[Source material]
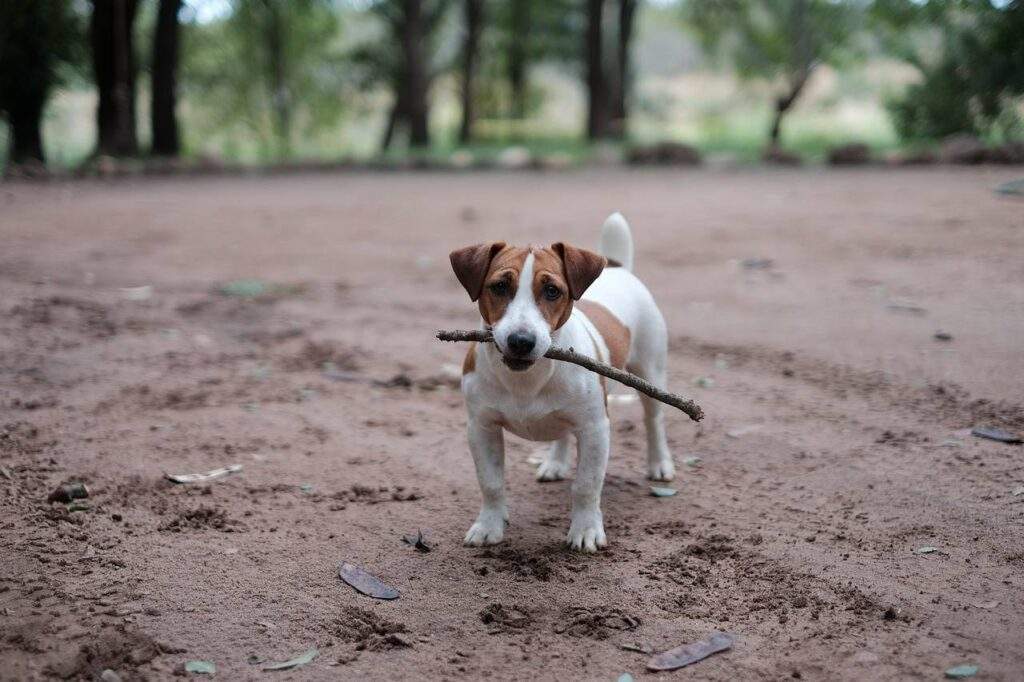 how-to-say-pet-friendly-in-spanish-patchpets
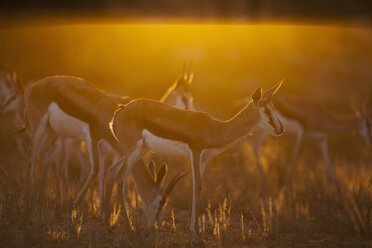 Afrika, Botsuana, Südafrika, Kalahari, Springbockantilope im Kgalagadi Transfrontier Park - FOF002301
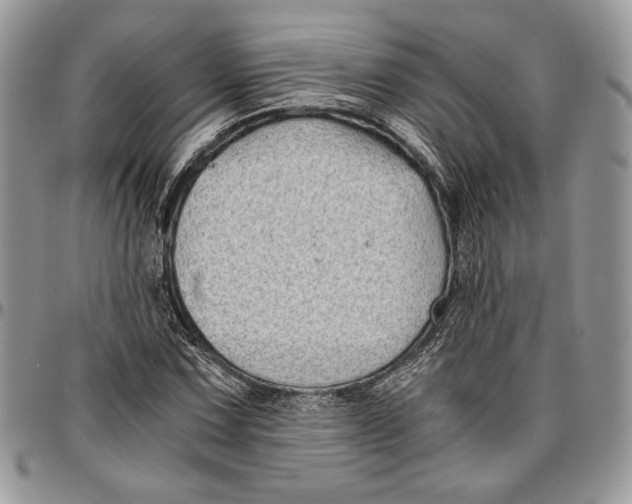 X0000096381067200802141426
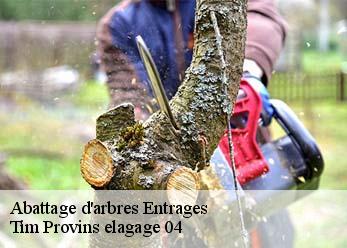 Abattage d'arbres  entrages-04000 Tim Provins elagage 04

[Work order]
Make an exact printout of the listing above, omitting the images.

[Response to this exercise]
 how-to-say-pet-friendly-in-spanish-patchpets
 Afrika, Botsuana, Südafrika, Kalahari, Springbockantilope im Kgalagadi Transfrontier Park - FOF002301
 X0000096381067200802141426
 Abattage d'arbres  entrages-04000 Tim Provins elagage 04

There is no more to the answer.